▶ [Assignment] Below are records; the lines starting at the one with "תמונה של צלחת" and ending at the one with "Puede incluir: Un" must be reproduced exactly, both included. Pictures must not appear.

▶ [Input material]
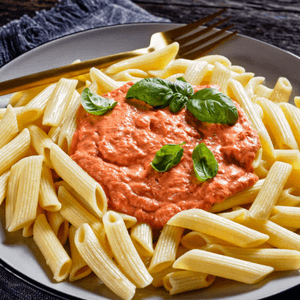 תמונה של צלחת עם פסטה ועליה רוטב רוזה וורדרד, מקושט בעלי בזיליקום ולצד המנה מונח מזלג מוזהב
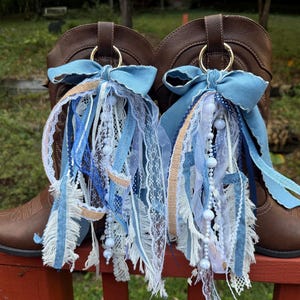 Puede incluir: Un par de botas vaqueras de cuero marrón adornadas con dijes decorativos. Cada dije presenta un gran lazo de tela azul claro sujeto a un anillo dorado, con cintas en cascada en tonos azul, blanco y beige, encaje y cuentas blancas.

* * *

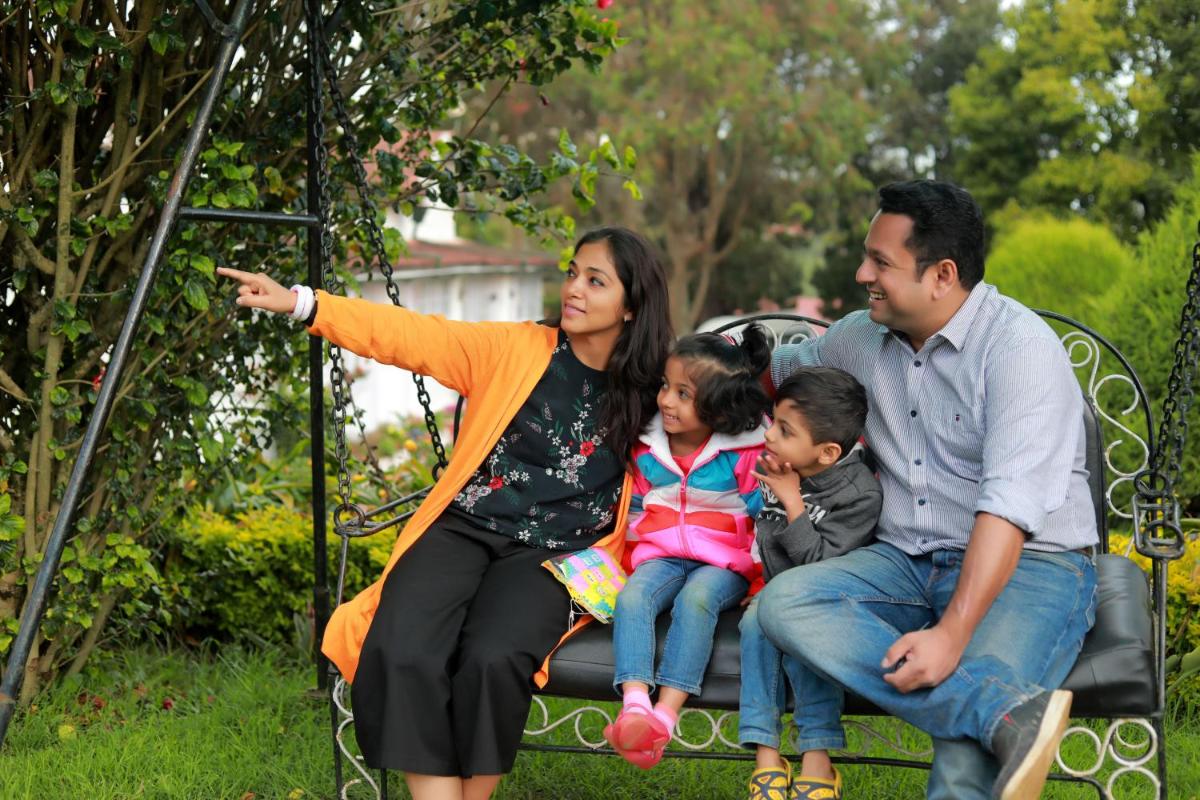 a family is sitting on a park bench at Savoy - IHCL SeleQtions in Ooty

▶ [Answer to the problem]
 תמונה של צלחת עם פסטה ועליה רוטב רוזה וורדרד, מקושט בעלי בזיליקום ולצד המנה מונח מזלג מוזהב
 Puede incluir: Un par de botas vaqueras de cuero marrón adornadas con dijes decorativos. Cada dije presenta un gran lazo de tela azul claro sujeto a un anillo dorado, con cintas en cascada en tonos azul, blanco y beige, encaje y cuentas blancas.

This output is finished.